━━ Extracted information ━━

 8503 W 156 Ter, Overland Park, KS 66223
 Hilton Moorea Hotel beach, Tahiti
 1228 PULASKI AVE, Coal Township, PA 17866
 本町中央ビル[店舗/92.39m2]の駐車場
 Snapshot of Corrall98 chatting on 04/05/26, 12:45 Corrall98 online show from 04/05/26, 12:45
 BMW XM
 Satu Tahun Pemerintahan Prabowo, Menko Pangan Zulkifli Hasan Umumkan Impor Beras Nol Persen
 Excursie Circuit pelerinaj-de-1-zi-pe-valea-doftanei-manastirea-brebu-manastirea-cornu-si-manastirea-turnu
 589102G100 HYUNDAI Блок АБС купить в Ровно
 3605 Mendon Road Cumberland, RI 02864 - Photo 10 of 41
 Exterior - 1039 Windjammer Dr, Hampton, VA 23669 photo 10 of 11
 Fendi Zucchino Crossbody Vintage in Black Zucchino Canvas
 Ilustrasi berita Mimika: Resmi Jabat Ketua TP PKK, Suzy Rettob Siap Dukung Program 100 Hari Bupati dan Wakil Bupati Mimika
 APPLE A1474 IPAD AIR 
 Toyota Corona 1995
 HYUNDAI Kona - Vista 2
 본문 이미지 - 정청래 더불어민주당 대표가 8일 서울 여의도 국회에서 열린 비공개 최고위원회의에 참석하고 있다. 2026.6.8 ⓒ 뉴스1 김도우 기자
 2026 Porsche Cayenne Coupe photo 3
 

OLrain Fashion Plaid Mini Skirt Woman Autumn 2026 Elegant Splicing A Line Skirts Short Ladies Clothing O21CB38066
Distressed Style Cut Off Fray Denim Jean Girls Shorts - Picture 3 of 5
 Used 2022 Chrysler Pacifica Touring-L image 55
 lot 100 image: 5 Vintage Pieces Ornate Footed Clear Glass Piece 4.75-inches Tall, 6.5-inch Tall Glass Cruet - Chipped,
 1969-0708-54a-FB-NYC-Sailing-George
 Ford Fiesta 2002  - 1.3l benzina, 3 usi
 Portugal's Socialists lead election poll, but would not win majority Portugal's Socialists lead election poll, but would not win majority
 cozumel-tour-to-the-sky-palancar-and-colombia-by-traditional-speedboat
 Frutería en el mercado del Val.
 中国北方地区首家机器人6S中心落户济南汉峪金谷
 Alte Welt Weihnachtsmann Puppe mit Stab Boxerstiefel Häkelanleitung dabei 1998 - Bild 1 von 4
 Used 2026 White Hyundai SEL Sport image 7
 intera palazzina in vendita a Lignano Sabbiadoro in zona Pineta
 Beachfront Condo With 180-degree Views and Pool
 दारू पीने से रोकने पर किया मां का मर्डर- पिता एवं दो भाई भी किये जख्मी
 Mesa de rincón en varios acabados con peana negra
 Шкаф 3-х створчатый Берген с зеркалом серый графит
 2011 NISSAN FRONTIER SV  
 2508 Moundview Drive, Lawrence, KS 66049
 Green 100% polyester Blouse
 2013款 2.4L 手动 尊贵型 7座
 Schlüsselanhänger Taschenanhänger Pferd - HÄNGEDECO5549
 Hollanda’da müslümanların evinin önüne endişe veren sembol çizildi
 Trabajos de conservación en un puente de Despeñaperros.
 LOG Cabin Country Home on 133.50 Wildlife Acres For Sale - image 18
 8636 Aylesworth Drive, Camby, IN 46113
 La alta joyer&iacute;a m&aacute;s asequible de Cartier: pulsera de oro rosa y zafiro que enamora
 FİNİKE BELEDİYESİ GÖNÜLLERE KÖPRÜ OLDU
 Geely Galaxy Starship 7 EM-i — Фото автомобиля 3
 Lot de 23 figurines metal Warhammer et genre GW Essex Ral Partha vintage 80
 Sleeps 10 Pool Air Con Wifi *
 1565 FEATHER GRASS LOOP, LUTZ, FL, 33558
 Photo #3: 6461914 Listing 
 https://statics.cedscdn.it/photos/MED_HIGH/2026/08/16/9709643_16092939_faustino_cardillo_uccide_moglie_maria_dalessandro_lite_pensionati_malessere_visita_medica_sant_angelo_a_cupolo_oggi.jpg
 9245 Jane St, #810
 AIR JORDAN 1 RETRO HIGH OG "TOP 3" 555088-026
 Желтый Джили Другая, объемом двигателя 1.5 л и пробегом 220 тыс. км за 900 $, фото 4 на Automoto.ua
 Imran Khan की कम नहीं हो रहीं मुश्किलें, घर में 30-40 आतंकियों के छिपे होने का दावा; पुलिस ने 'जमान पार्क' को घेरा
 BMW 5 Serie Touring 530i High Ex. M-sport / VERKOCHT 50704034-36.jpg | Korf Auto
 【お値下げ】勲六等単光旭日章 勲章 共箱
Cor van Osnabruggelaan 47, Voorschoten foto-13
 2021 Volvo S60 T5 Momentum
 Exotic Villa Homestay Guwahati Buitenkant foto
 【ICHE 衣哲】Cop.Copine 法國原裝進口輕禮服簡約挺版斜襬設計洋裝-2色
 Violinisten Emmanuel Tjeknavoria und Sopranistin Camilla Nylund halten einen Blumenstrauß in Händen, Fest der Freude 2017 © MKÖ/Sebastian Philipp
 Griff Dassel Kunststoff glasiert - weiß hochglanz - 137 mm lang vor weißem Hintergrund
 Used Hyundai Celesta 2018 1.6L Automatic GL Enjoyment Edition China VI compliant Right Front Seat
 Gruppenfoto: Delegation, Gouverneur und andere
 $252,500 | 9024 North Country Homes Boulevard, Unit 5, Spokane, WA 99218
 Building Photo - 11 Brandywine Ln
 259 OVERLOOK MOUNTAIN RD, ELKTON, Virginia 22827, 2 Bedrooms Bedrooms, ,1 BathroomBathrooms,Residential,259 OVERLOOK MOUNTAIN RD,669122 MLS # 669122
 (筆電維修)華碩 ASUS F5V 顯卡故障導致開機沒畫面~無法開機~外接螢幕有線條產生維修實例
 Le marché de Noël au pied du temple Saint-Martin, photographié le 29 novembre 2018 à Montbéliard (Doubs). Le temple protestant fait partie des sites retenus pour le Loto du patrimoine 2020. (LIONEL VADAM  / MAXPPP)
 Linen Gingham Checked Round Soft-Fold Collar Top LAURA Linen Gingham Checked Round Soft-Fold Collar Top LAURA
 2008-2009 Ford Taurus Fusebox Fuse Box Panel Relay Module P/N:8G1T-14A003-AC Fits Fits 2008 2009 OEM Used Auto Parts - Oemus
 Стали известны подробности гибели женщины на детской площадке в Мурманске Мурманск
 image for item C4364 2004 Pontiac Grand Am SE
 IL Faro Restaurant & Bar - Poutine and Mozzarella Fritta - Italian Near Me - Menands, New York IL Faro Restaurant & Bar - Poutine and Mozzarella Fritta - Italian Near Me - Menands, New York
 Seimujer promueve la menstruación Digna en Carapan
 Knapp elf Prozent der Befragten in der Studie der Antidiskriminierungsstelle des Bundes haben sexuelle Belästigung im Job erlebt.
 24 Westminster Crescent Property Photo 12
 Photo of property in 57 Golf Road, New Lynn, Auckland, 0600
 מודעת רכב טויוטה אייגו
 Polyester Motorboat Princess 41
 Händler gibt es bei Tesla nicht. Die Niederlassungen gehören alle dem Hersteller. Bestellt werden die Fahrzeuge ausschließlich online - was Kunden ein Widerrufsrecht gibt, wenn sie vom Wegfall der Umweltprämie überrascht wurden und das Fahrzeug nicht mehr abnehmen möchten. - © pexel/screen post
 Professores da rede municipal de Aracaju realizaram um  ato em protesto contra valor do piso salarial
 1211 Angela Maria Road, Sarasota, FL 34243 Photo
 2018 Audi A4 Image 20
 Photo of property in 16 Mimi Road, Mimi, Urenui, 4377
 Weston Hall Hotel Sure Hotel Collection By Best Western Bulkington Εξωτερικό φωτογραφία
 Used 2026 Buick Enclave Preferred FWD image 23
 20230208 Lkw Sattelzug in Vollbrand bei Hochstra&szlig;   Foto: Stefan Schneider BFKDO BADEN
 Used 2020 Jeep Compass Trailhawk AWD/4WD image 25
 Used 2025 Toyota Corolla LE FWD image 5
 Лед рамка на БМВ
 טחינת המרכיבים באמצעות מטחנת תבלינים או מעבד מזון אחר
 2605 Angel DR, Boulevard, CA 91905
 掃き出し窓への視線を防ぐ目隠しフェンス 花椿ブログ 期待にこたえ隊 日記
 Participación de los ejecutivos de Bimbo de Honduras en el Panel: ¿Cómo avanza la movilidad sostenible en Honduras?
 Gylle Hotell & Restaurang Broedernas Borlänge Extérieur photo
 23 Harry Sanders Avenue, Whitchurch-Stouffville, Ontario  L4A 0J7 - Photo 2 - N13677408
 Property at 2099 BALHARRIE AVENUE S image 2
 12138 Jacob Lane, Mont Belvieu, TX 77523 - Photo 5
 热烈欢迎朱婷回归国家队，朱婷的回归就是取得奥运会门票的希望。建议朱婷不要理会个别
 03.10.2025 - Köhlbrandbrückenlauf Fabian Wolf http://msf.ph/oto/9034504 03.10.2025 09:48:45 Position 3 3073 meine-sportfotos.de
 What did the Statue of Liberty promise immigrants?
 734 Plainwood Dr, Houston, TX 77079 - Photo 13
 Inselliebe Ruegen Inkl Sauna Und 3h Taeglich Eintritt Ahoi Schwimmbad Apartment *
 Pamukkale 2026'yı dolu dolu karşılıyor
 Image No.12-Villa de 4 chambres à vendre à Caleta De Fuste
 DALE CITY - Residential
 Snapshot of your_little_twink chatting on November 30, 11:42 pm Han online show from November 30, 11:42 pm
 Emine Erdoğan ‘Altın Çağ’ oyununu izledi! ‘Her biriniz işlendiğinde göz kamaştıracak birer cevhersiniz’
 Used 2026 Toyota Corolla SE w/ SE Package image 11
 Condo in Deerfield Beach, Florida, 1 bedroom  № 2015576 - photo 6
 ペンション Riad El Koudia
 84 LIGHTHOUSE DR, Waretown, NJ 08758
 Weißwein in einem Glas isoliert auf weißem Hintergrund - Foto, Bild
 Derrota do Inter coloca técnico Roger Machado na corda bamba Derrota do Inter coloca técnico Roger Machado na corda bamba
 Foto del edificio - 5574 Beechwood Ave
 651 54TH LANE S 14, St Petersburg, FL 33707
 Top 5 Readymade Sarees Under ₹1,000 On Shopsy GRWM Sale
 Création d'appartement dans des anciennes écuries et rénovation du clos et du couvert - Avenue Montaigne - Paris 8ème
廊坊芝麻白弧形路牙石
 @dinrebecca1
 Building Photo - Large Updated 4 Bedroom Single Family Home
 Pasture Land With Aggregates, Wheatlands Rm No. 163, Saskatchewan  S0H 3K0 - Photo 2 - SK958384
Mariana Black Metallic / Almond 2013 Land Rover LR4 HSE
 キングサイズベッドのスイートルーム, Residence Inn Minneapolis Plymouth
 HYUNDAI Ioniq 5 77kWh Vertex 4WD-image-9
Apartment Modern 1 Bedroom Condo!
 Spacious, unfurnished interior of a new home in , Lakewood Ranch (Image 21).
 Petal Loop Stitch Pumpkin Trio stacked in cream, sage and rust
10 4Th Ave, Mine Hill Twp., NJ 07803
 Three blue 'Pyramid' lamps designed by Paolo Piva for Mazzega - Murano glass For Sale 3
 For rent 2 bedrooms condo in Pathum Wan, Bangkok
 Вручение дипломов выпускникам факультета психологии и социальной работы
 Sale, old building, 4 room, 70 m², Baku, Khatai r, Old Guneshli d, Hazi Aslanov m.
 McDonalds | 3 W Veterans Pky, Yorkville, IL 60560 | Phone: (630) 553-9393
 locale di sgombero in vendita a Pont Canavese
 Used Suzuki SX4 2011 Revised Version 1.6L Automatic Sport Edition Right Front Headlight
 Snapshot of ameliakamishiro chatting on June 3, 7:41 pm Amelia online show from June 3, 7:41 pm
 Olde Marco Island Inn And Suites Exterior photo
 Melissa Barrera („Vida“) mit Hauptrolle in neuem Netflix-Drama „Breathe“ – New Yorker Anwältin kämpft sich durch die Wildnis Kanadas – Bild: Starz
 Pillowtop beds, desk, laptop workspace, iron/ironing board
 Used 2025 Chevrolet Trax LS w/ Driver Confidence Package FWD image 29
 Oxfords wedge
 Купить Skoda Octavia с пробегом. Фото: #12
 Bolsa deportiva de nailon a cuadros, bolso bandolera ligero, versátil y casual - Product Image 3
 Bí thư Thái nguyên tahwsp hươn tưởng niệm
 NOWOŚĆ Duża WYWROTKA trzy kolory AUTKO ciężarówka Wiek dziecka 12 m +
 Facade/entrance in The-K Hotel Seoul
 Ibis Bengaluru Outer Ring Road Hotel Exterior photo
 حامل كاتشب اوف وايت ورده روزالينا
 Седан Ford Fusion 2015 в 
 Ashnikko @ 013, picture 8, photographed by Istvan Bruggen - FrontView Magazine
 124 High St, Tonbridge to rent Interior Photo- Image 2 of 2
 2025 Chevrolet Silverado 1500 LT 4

━━━

• Task directions: Above are the entries. Output exactly the lines beginning with the line that has "Distressed Style Cut" and ending with the line that has "AIR JORDAN 1".

• Task solution:
Distressed Style Cut Off Fray Denim Jean Girls Shorts - Picture 3 of 5
 Used 2022 Chrysler Pacifica Touring-L image 55
 lot 100 image: 5 Vintage Pieces Ornate Footed Clear Glass Piece 4.75-inches Tall, 6.5-inch Tall Glass Cruet - Chipped,
 1969-0708-54a-FB-NYC-Sailing-George
 Ford Fiesta 2002  - 1.3l benzina, 3 usi
 Portugal's Socialists lead election poll, but would not win majority Portugal's Socialists lead election poll, but would not win majority
 cozumel-tour-to-the-sky-palancar-and-colombia-by-traditional-speedboat
 Frutería en el mercado del Val.
 中国北方地区首家机器人6S中心落户济南汉峪金谷
 Alte Welt Weihnachtsmann Puppe mit Stab Boxerstiefel Häkelanleitung dabei 1998 - Bild 1 von 4
 Used 2026 White Hyundai SEL Sport image 7
 intera palazzina in vendita a Lignano Sabbiadoro in zona Pineta
 Beachfront Condo With 180-degree Views and Pool
 दारू पीने से रोकने पर किया मां का मर्डर- पिता एवं दो भाई भी किये जख्मी
 Mesa de rincón en varios acabados con peana negra
 Шкаф 3-х створчатый Берген с зеркалом серый графит
 2011 NISSAN FRONTIER SV  
 2508 Moundview Drive, Lawrence, KS 66049
 Green 100% polyester Blouse
 2013款 2.4L 手动 尊贵型 7座
 Schlüsselanhänger Taschenanhänger Pferd - HÄNGEDECO5549
 Hollanda’da müslümanların evinin önüne endişe veren sembol çizildi
 Trabajos de conservación en un puente de Despeñaperros.
 LOG Cabin Country Home on 133.50 Wildlife Acres For Sale - image 18
 8636 Aylesworth Drive, Camby, IN 46113
 La alta joyer&iacute;a m&aacute;s asequible de Cartier: pulsera de oro rosa y zafiro que enamora
 FİNİKE BELEDİYESİ GÖNÜLLERE KÖPRÜ OLDU
 Geely Galaxy Starship 7 EM-i — Фото автомобиля 3
 Lot de 23 figurines metal Warhammer et genre GW Essex Ral Partha vintage 80
 Sleeps 10 Pool Air Con Wifi *
 1565 FEATHER GRASS LOOP, LUTZ, FL, 33558
 Photo #3: 6461914 Listing 
 https://statics.cedscdn.it/photos/MED_HIGH/2026/08/16/9709643_16092939_faustino_cardillo_uccide_moglie_maria_dalessandro_lite_pensionati_malessere_visita_medica_sant_angelo_a_cupolo_oggi.jpg
 9245 Jane St, #810
 AIR JORDAN 1 RETRO HIGH OG "TOP 3" 555088-026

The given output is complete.